La chiquilla esquiva el brazo del mendigo que intentaba posarse en su hombro y corre en dirección a su casa. Al entrar ve a su tía, que acaba de levantarse y al verla llegar jadeando y fatigada le pregunta:
- ¿De dónde vienes a estas horas?
-He salido al...
-Te dije que no quería que fueras tu sola al bosque, es peligroso- le reprende su tía con el tono más afectuoso posible.
-Pero tía, no he estado en el bosque- contesta Daniela- he ido al puerto y no he estado sola.
-El puerto no me gusta mucho más. Tampoco es lugar para ti. Y ¿Con quién has estado? A ver…
-Con un amigo. Creo que es vecino nuestro, un niño que se llama Alejo…
-¿Cómo has dicho? Eso no puede ser Daniela.
-Sí, he estado con él y me ha contado la historia de su abuelo, que se perdió en una tormenta una de las veces que salió a faenar. Estaba allí con su perro…
-No Daniela, es imposible, no hay ningún Alejo… ya no…
-¿Qué quieres decir con que ya no?
- Verás cariño, hace unos tres años, el abuelo de Alejo, un niño que vivía tres casas más abajo, salió con su tripulación en su barco “EL SOFÍA”, nombre que le puso en honor a su mujer a la que adoraba y una tormenta les sorprendió. El temporal llegaba hasta la orilla y todo el pueblo estaba muy preocupado porque todo el mundo tenía un familiar o un conocido en “EL SOFÍA”. El pequeño estaba especialmente alarmado, pues siempre había estado muy unido a su yayo, además, su padre murió en alta mar y no quería que la historia se repitiera.
Sin decírselo a nadie, Alejo corrió hacia el puerto con su linterna en la mano, se colocó junto al tercer pilón, que era donde normalmente estaba el barco de su abuelo y empezó a hacer señales, con la esperanza de que su abuelo las viera y tuviera las fuerzas necesarias para traer su barco hasta la orilla. Pero la tempestad era tal que una gigantesca ola llegó hasta el embarcadero. Sin la protección de la nave, la fuerza del agua impactó de lleno sobre Alejo, el chaval se dio un fuerte golpe en la cabeza con la piedra que servía de amarré para “EL SOFÍA” y cayó al agua inconsciente. Su perro, el viejo Duncan, que le seguía allí donde iba, comenzó a ladrar, pero nadie pudo oírle por la virulencia del agua y el viento.

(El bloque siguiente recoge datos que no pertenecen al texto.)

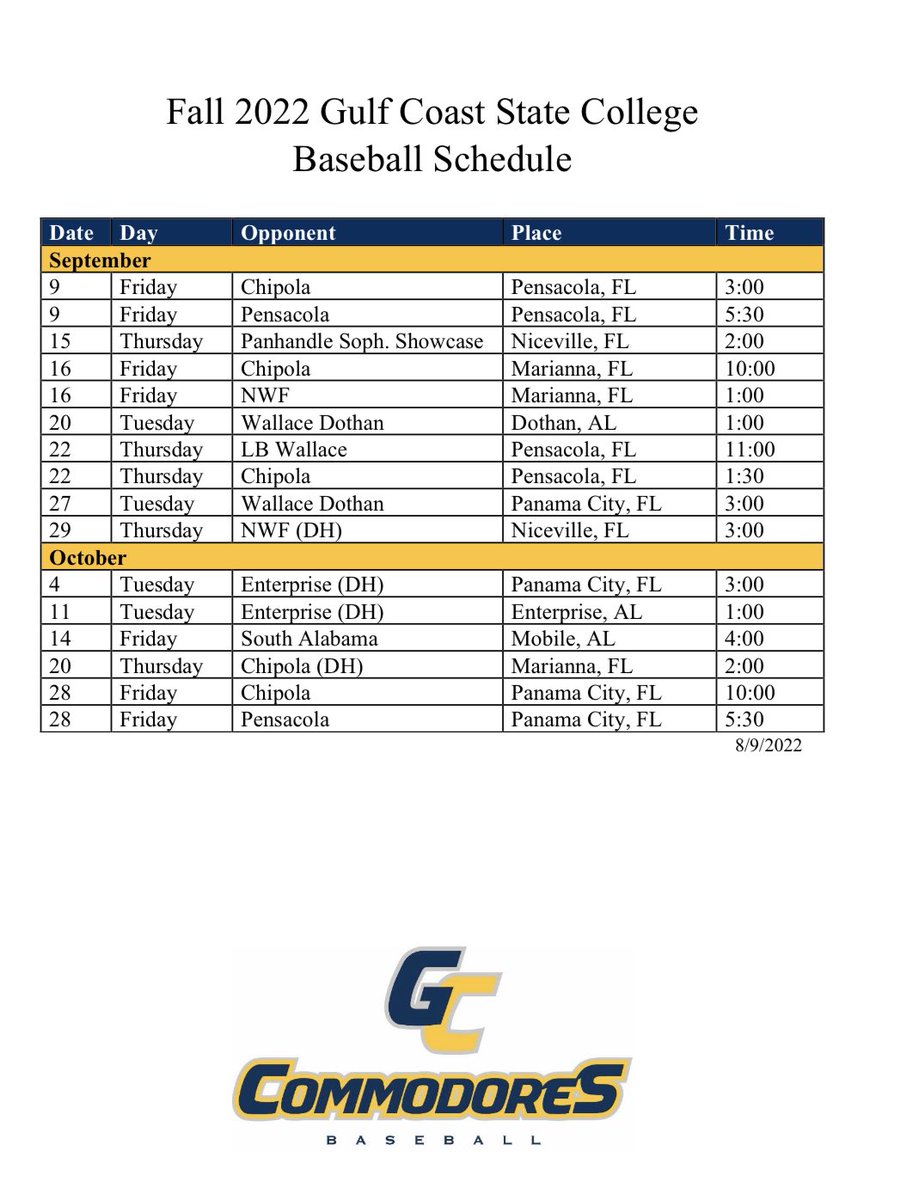 Here’s a look at our fall schedule beginning next month. Come out and watch free baseball throughout September and October.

La tormenta amainó al día siguiente, todo el mundo buscaba a Alejo y solo pudieron deducir que había caído al mar porque nadie conseguía que el animal dejara de ladrar y tampoco podían apartarlo de la orilla. No lograron encontrar el cuerpo, pero los que si fueron encontrados, para sorpresa de todos, fueron los tripulantes de “EL SOFÍA”. Pero el abuelo de Alejo no puedo soportar la noticia de la desaparición de su nieto, se culpaba como antes se culpó por la muerte de su propio hijo. Su mente no pudo con tanto pesar y abandonó a su familia. De vez en cuando se le ve vagando por el puerto con el perro de su nieto y esperando a que algún marinero se compadezca de él y le de algo para echarse a la boca.

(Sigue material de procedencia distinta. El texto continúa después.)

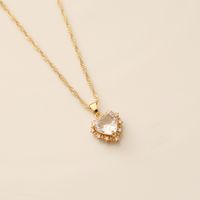 Full Diamond Zircon Heart Necklace main image 5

Daniela ni siquiera había separado los labios mientras su tía le contaba la historia. Se había quedado completamente helada. No podía creerlo. Pensaba que debía haber alguna explicación racional para todo aquello. Tal vez el chico del puerto le había tomado el pelo. No era posible que Alejo fuese un fantasma.
A la mañana siguiente la pequeña volvió al puerto y vio al niño, sentado en el mismo sitio del día anterior y de tantos días previos a ese, en la misma posición y con Duncan como siempre a su lado.

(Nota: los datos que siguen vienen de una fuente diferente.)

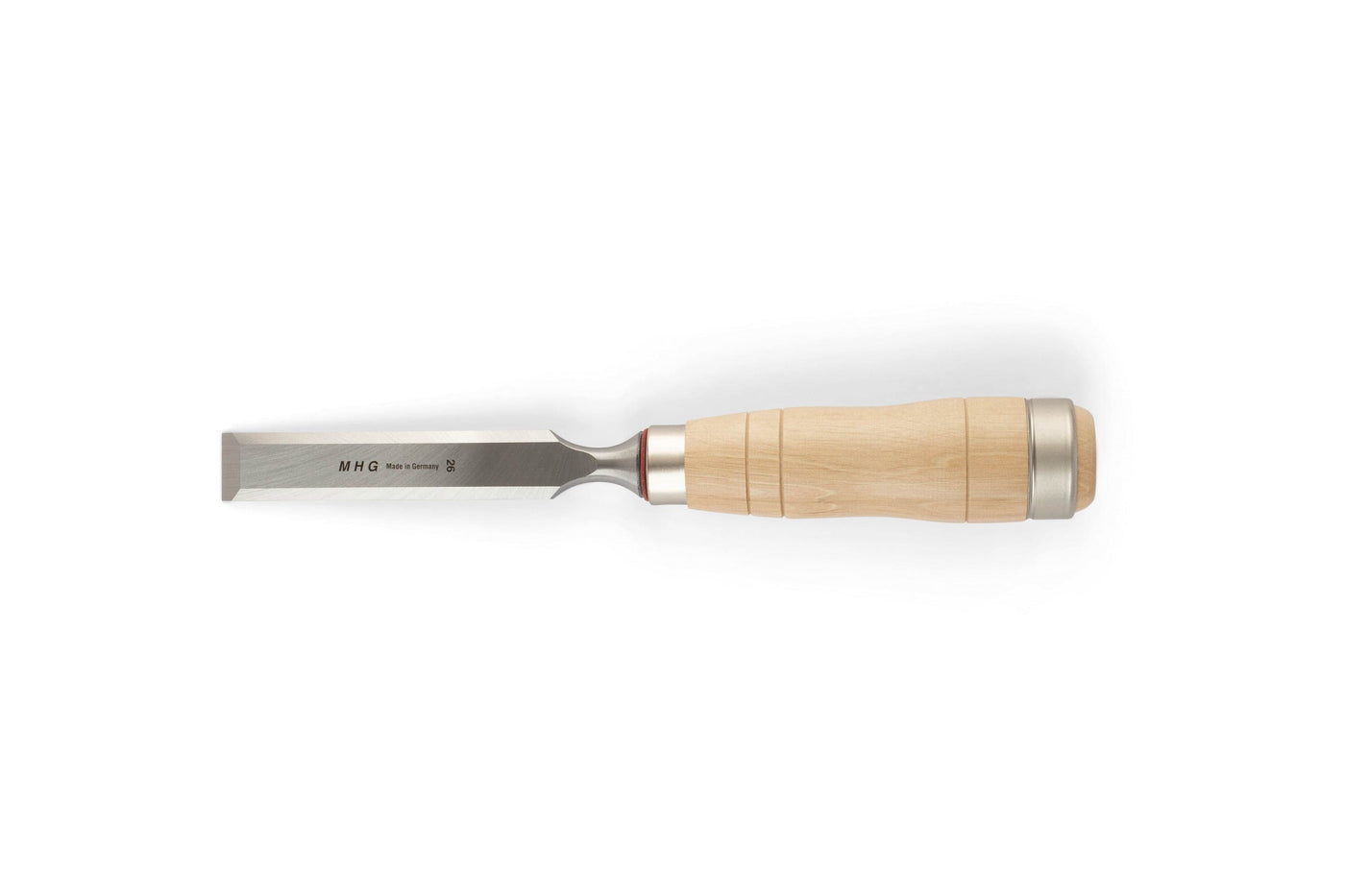 The MHG Carpenter Chisel by MHG features a German-engineered metal blade and a light-colored wooden handle, shown on a white background.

En un primer momento estaba decidida a cantarle las cuarenta, a decirle que no se había tragado su broma de mal gusto, a… Pero cuando llegó a la altura de Alejo, este le miró, le sonrió y no pudo decir nada. Comprendió quién era él realmente. Se sentó a su lado. Y esperaron juntos a que amanecería un día más.